Scientists have collected the specimens to keep a record of the types of so-called “dead bug bodies” that could remain. That way, if a rover shovel digs up some otherworldly dirt and finds life, they have an idea of whether they’ve discovered an alien or just a hitchhiker from Earth. 

One super bacteria found in a NASA cleanroom was eventually sent to the space station on purpose, where astronauts hung it outside. When the sample came back, many of the spores were still alive, even after 18 months exposed to cosmic radiation.

Close-up of fungal culture from samples on the International Space Station

An International Space Station fungal culture shown after five days.
Credit: NASA

This upcoming station research aims to better understand the potential for microbes to survive and reproduce in space. The study will determine which human-related bugs could inhabit environments on Mars or other destinations in the solar system during crewed missions. The findings could inform changes to crewed spaceships and spacesuits in the future. 

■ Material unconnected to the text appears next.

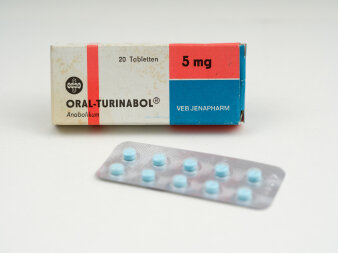Eine weiß-rot-blaue Faltschachtel mit Aufdruck „Oral-Turinabol“ 5 mg, VEB Jenapharm, davor die blaue Tabletten.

Russian space agency Roscosmos has attempted a similar experiment. They have sampled surfaces and announced the discovery of non-spore-forming bacteria growing outside the station. But NASA is skeptical of whether the devices used in the Russian experiment were contaminated and seeks to produce its own data for comparison. 

U.S. astronauts already conduct quarterly studies to monitor what’s living in the air, surfaces, and water within the station. They now have equipment onboard to perform some identification themselves, without sending cultures back to Earth.

NASA hopes the research could also lead to new products. It’s happened before: An extract from that bacteria once left outside the station is now being used as a sunscreen ingredient.